## TASK DATA
--------------------

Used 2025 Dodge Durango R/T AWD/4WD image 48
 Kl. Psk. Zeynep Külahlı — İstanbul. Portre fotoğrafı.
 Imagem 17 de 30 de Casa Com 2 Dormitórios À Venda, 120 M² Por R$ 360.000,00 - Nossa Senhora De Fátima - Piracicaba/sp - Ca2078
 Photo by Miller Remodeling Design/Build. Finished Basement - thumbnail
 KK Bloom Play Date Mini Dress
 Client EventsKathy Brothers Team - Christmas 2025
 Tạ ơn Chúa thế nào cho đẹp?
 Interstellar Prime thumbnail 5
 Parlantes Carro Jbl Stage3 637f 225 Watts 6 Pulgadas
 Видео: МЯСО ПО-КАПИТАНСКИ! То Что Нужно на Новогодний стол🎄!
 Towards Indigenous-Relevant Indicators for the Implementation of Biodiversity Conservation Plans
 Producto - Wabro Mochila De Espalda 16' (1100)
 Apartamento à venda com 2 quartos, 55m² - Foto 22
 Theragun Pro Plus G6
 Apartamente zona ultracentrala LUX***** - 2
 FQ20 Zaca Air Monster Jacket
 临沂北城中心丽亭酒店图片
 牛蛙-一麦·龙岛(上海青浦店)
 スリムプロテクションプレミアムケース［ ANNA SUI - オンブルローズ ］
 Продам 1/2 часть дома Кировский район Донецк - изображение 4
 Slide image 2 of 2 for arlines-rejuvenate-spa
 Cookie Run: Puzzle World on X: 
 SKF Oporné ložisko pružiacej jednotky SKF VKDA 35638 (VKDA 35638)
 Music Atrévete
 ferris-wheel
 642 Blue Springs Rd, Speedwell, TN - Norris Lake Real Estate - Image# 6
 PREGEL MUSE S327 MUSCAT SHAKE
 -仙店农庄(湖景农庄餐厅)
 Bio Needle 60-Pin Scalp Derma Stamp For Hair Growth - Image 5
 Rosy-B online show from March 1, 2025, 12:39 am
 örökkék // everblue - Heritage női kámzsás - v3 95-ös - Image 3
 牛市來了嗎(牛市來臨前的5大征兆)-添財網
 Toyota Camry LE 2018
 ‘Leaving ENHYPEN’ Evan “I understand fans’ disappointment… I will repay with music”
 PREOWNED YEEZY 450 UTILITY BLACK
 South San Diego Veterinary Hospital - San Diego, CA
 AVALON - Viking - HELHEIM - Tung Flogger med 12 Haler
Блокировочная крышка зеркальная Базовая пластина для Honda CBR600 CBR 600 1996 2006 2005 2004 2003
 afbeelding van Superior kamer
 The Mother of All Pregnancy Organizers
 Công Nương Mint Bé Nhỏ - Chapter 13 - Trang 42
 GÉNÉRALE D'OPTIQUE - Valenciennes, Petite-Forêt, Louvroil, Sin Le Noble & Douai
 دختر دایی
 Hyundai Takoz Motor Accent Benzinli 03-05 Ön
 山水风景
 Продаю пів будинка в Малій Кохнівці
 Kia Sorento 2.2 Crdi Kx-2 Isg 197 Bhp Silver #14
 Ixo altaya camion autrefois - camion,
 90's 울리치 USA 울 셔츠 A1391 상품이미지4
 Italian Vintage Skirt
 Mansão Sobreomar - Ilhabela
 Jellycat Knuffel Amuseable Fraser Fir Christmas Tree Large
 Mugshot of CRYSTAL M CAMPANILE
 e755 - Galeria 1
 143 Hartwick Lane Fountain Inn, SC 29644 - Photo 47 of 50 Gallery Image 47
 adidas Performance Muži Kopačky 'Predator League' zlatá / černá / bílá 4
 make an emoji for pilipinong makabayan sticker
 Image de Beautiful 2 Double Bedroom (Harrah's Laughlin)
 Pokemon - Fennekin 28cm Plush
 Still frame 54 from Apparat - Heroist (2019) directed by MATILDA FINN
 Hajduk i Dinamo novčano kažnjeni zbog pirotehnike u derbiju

--------------------

## EXERCISE OBJECTIVE
For each line above that carries the word "Christmas", copy it out.

## WRITTEN RESPONSE
 Client EventsKathy Brothers Team - Christmas 2025
 Jellycat Knuffel Amuseable Fraser Fir Christmas Tree Large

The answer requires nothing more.